The present invention relates to an elevator system having multiple elevator cars that move independently within a single elevator hoistway.

BACKGROUND

In recent years, as a structure of an elevator system, a system structure having a pair of under-car pulleys provided on the lower side of a car frame respectively hung over a rope is known (see, for example, JP-A-2012-6695). Also known is a machine-room-less elevator system that eliminates a need for a rooftop machine room by making the control device compact and installing the device in the hoistway. Furthermore, in high-rise office buildings and high-rise residences, it is expected that elevators will be used in a wide range from the lower floors to the upper floors. As a system increasing transportation capability of the elevators, two or more elevators arranged in a hoistway (see, for example, Japanese Patent No. 4311590), and a double deck (double decker) type elevator connecting an upper car and a lower car are also known.

SUMMARY

However, in this double-deck type elevator system, to realize high-speed movement, the first car is exclusively for odd-numbered floors, and the second car on the lower side is exclusively for even-numbered floors. Therefore, for example, when a passenger gets on the first car dedicated to the odd-numbered floor even though he wants to go to the even-numbered floor, he may have to get off once and get on the elevator again in a less convenient manner.
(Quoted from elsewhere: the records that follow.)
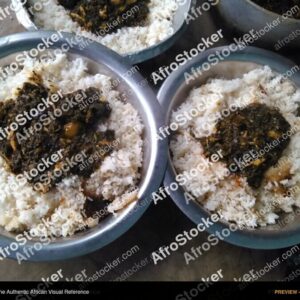 Rice with Leaf Sauce, West African Dish - AfroStocker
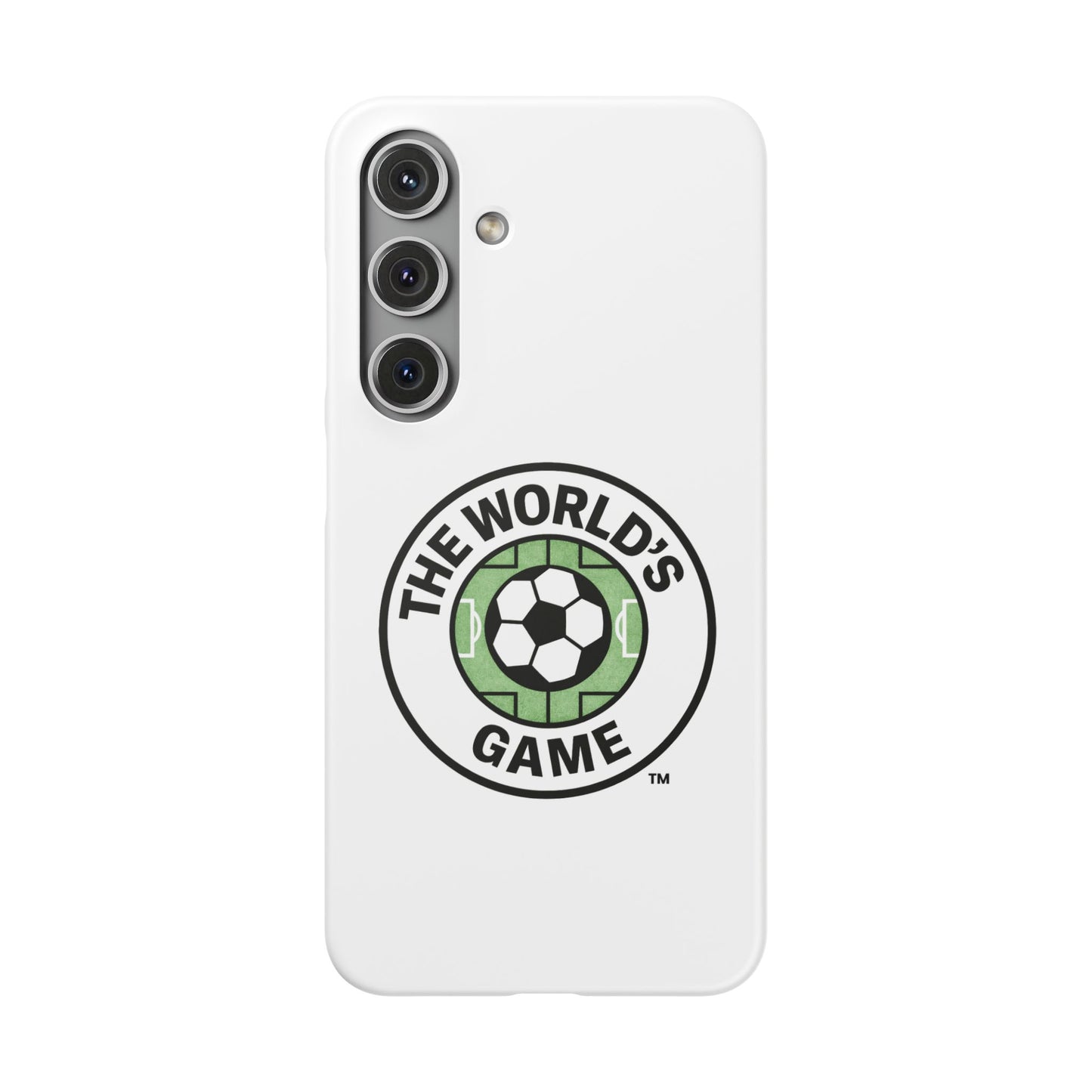 'The World's Game' Soccer  Snap Phone Case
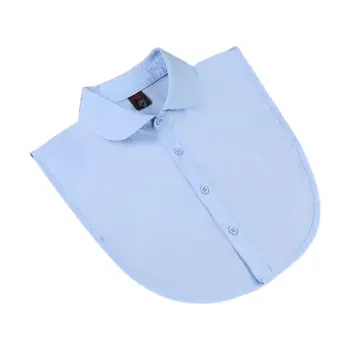 

29 Styles Womens Detachable Fake False Collar Solid Color Retro Plaid Check Chiffon Half Shirt Blouse Adjust Clothes Accessories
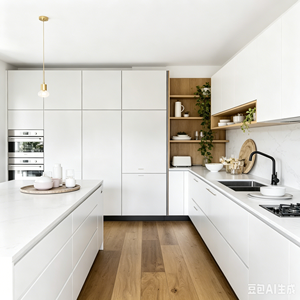 Soundproof PVC Foam Board Flexible Rigid Anti Oil Corrosion Resistant High Toughness <b>Kitchen</b> Cabinet Door Wall Decoration - Product Image 5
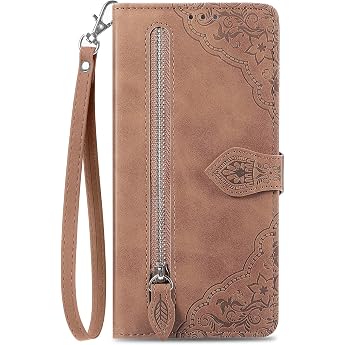 Mobile Phone Case for Samsung Galaxy S25 5G Case Foldable with Card Slot Stand Flip Case Protective Leather Wallet Flip Case Cover Mobile Phone Case Shockproof - Brown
Therefore, in view of the above technical problems, the present invention aims to provide an elevator system that can reduce the overall installation area of elevators in a building while ensuring the number of passengers in the elevators.

To solve the above technical problems, the elevator system of the present invention is an elevator system in which first and second elevator cars are arranged in a single elevator hoistway, wherein a pair of under-car pulleys are respectively disposed at the lower portions of the elevator cars to turn ropes vertically on the outer sides of the first and second elevator cars and horizontally on the bottoms of the cars. The arranging direction of the pair of the under-car pulley pair of the first elevator car intersects with the arranging direction of the pair of the under-car pulley pair of the second elevator car when projected onto a horizontal plane.

In the elevator system, the first and second elevator cars may be guided along a pair of main rails extending along the elevator hoistway, and the car of the first elevator car is guided along a pair of main rails extending along the elevator hoistway. The under-car pulley of the first elevator car may wind a rope extending on either one of the left and right sides of the main rail when viewed from the center of each car, whereas the under-car pulley of the second elevator car may wind a rope extending on the other one of the left and right sides of the main rail as viewed from the center of each car.

Further, in the elevator system, the pair of main rails can be arranged in an angular direction that is half of the angle of the intersecting arrangement direction of the under-car pulley pair. The first and second elevator cars are independently controlled as in the same size.

In addition, in such an elevator system, pulleys respectively attached to counterweights balancing the first and second elevator cars can also be configured such that the pulley's axial directions intersect with each other when projected onto a horizontal plane.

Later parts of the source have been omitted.